Using the listing below, retype exactly the lines starting at the one with "1 - Veralab Brow Boss 5ml" and ending at the one with "Covenant HIlls - Classica Santa Barbara", and include both.

= Beginning of Section =

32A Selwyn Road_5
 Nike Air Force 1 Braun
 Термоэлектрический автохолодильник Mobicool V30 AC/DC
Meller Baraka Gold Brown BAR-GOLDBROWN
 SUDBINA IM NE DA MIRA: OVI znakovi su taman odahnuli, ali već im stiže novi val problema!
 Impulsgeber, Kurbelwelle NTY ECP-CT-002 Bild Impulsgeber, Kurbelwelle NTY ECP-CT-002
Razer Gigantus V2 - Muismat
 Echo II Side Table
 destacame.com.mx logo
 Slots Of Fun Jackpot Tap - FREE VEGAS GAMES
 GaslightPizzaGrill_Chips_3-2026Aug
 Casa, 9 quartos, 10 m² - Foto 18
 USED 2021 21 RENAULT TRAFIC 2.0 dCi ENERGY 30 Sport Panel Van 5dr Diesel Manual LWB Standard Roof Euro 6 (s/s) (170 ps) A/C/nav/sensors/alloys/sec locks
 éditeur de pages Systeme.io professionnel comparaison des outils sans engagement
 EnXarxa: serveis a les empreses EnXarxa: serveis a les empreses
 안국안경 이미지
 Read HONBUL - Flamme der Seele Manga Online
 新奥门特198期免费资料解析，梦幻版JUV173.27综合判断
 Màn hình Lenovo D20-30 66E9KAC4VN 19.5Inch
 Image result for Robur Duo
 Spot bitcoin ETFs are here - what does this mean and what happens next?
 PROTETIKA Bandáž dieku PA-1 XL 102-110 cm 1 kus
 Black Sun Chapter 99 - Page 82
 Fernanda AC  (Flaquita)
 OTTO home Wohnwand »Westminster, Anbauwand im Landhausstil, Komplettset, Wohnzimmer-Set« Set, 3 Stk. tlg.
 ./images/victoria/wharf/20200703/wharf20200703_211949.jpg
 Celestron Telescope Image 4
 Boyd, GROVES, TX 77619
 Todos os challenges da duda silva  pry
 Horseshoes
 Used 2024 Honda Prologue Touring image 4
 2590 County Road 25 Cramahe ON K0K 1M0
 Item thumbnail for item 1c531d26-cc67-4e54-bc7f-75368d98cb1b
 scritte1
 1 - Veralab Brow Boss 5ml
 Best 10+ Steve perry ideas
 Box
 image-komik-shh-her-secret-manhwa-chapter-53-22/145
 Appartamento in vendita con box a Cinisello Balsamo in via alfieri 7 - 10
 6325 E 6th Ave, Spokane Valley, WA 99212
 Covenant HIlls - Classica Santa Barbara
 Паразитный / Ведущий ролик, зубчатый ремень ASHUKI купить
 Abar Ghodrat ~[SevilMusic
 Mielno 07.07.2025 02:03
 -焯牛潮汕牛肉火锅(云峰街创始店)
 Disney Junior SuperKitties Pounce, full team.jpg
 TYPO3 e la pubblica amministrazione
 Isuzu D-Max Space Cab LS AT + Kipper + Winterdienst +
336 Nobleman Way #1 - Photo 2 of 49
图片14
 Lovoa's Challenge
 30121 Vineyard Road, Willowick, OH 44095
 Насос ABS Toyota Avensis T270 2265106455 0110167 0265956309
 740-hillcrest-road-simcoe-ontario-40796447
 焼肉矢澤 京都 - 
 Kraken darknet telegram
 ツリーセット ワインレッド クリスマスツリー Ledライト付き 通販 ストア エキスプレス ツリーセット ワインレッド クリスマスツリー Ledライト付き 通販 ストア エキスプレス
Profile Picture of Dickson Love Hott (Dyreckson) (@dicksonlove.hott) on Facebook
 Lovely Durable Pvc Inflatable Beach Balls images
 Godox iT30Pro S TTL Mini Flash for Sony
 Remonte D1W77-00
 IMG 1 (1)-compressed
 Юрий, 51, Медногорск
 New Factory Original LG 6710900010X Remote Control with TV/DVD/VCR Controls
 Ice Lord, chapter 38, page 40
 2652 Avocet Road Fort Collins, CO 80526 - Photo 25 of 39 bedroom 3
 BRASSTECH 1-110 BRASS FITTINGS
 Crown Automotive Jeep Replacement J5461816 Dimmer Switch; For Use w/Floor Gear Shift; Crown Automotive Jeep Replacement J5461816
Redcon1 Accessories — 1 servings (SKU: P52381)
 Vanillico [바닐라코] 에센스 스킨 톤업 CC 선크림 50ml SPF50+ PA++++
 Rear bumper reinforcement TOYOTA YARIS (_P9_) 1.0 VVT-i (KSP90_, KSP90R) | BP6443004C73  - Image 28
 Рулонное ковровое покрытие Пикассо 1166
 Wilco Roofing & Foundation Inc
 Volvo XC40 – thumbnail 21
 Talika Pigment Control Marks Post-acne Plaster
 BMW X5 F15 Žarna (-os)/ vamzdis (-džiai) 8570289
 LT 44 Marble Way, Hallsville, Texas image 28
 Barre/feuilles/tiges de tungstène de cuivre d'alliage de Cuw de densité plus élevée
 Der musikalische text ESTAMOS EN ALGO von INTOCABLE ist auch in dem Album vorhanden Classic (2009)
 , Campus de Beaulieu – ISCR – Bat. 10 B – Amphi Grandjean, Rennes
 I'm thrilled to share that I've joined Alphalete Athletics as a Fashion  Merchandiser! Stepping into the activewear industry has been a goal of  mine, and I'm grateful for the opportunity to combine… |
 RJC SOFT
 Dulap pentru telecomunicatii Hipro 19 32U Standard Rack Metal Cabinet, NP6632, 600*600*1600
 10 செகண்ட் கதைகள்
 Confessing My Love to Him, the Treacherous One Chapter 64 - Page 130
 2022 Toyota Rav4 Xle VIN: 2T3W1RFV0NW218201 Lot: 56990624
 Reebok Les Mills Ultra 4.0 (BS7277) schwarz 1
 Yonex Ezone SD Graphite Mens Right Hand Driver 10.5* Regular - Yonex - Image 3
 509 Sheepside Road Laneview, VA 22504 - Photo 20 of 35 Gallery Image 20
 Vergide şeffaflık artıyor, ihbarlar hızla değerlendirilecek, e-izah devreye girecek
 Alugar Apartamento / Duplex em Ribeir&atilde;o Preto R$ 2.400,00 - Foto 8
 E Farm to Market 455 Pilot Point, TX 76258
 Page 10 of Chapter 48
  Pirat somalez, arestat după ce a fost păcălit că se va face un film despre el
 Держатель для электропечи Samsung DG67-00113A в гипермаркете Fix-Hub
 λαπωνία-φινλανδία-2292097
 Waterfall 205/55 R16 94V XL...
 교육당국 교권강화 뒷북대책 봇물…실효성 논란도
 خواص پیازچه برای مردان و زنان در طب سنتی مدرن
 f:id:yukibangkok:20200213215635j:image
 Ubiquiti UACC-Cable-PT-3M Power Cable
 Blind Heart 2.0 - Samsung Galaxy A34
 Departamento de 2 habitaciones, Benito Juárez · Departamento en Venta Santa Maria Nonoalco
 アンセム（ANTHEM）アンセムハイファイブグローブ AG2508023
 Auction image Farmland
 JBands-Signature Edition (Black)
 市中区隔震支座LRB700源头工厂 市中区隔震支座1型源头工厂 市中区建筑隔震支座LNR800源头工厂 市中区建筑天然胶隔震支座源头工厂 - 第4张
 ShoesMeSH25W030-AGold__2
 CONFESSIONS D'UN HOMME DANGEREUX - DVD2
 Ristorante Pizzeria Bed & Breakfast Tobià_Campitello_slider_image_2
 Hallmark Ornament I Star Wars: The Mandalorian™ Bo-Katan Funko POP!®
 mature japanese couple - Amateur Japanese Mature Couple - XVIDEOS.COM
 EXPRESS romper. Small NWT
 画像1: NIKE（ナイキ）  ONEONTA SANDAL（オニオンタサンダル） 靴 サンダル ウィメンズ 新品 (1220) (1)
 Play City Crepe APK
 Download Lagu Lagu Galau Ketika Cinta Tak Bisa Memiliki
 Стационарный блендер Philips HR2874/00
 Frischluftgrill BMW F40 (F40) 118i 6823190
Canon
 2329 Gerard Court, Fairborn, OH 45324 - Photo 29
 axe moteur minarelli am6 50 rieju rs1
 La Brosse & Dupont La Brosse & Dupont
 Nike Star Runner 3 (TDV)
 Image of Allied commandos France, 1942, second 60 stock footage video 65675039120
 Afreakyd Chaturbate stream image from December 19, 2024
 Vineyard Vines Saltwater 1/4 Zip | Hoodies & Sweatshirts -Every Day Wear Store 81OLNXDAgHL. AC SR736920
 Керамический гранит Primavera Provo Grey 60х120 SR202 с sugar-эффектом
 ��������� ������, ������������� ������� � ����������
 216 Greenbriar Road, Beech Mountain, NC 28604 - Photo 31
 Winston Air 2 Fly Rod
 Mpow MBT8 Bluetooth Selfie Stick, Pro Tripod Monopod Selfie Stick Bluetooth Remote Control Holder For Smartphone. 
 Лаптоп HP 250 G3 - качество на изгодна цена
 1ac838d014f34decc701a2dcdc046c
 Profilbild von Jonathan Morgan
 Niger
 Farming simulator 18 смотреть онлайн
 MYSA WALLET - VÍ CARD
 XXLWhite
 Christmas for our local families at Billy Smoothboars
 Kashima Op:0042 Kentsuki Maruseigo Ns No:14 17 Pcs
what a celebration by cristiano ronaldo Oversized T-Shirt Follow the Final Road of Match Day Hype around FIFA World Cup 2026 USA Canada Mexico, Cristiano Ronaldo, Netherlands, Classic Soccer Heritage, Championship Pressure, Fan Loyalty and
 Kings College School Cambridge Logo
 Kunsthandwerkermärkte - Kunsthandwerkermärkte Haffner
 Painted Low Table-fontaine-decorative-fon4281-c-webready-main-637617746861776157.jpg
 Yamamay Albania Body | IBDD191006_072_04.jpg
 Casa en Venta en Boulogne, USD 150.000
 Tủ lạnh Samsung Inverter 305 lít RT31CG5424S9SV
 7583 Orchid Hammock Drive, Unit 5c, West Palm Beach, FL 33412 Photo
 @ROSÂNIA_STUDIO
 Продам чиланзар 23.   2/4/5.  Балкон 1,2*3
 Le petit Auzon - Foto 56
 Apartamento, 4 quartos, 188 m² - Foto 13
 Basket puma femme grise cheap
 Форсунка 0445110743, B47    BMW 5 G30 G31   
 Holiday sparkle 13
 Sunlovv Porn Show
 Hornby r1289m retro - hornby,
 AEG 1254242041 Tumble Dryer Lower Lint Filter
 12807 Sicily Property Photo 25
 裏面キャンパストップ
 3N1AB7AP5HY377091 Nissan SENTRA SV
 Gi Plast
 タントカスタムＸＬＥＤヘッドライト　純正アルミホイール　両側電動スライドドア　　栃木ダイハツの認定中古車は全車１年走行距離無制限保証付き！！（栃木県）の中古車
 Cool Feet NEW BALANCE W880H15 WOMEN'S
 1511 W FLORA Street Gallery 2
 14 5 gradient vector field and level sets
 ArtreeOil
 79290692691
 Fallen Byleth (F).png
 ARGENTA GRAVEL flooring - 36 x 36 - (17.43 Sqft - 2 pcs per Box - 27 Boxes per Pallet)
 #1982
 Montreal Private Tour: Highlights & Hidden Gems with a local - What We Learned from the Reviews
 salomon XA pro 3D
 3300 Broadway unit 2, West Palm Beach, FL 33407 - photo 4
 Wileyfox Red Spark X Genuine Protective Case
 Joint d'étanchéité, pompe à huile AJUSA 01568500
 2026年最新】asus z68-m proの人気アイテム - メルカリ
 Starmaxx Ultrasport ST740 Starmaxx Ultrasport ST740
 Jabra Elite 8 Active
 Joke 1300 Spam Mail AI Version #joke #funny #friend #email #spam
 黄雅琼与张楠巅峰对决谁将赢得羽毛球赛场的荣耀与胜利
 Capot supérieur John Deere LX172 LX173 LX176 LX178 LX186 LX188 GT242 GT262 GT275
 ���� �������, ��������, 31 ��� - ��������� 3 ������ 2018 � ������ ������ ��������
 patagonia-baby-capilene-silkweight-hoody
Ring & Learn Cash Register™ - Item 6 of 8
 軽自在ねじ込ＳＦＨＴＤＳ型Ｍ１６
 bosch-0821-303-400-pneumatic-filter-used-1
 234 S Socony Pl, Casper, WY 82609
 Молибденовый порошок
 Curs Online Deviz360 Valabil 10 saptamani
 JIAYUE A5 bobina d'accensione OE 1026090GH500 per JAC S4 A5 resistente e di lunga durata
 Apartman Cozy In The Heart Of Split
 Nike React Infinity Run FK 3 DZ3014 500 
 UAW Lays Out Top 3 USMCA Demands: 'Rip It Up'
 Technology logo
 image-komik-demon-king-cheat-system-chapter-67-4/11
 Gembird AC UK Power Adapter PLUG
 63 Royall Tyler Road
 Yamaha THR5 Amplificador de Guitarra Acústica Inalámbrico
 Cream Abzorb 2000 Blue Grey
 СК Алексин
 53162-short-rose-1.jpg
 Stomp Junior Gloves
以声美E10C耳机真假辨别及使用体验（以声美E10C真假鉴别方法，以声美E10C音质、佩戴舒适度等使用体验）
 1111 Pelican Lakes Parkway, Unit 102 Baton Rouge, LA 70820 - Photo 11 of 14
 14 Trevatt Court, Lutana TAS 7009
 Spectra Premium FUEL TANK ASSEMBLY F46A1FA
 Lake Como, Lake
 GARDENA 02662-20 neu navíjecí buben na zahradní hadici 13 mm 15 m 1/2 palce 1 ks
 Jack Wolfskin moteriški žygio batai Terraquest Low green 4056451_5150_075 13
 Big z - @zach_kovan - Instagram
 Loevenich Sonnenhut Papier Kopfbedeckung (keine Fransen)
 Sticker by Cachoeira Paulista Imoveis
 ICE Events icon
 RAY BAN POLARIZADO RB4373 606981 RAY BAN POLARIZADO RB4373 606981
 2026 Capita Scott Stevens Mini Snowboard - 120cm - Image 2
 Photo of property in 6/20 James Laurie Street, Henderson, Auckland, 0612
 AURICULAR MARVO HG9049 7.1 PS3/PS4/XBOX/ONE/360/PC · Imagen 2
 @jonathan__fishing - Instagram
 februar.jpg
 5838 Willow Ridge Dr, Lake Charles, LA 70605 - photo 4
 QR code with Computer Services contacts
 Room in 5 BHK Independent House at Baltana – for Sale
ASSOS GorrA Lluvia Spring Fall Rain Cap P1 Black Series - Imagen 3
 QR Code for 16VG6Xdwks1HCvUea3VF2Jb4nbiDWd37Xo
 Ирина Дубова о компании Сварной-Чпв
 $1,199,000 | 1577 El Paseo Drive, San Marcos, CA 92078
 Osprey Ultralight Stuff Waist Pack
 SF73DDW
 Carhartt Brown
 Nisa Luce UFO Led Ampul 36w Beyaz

= End of Section =

_OUTPUT FOR THIS TASK_
 1 - Veralab Brow Boss 5ml
 Best 10+ Steve perry ideas
 Box
 image-komik-shh-her-secret-manhwa-chapter-53-22/145
 Appartamento in vendita con box a Cinisello Balsamo in via alfieri 7 - 10
 6325 E 6th Ave, Spokane Valley, WA 99212
 Covenant HIlls - Classica Santa Barbara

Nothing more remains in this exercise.